CE-ATA was
jointly announced in September 2004 by Toshiba, Hitachi, Seagate, Marvell, and Intel. The standard aims to address the interface constraints of small form-factor drives used in handheld consumer devices such as media players, GPSes, and mobile phones. The interface provides reduced pin count, better power utilization, voltages tailored to battery-based applications, and more efficient command protocol, according to Arasan.
According to Arasan, the Host Controller IP conforms to CE-ATA Digital Protocol revision 1.0, with support for CE-ATA Digital Protocol commands (CMD60 / CMD61). The kit has two connectors dedicated to CE-ATA, and five slots supporting SD, SDIO, MMC 3.31, and MMC 4.1 cards.

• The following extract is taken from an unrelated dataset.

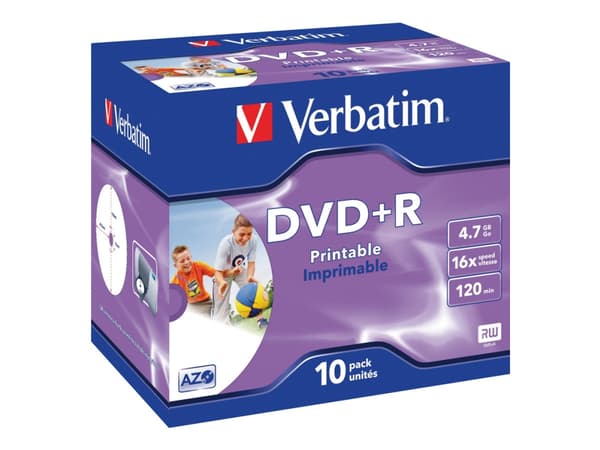 Verbatim DataLifePlus - 10 x DVD+R - 4.7 GB 16x - blekkstråleskrivbar overflate - CD-eske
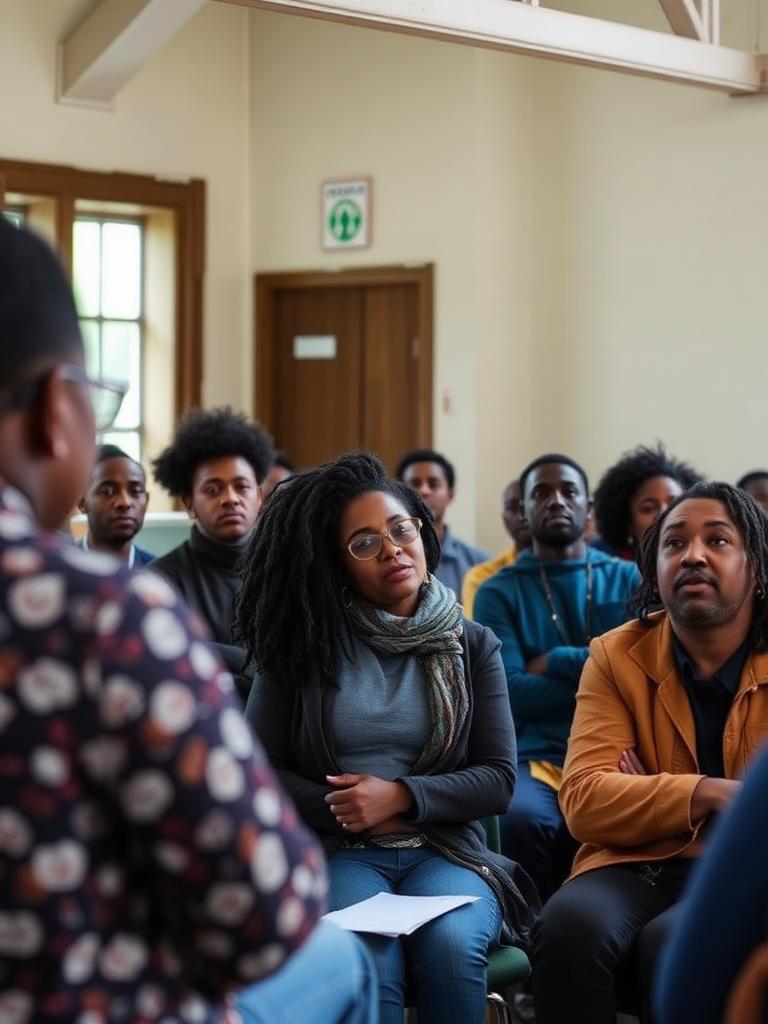 Community health workshop in a Kent community hall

Arasan's SD/SDIO/MMC4/CE-ATA host controller interfaces with an ARM processor's AHB (advanced high-speed bus) in this two-slot design
Arasan says its CE-ATA HDK is built using the company's CE-ATA Host IP Core, which is an evolution of its
SD/SDIO Host IP core and SD/SDIO/MMC4.0 IP core, both of which are in production.
AvailabilityArasan is currently accepting orders for its CE-ATA Host HDK. The kit comes with Windows CE 5.0 and Linux binary drivers. Source code for the Windows CE drivers is available to Microsoft Platform Builder 5.0 licensees.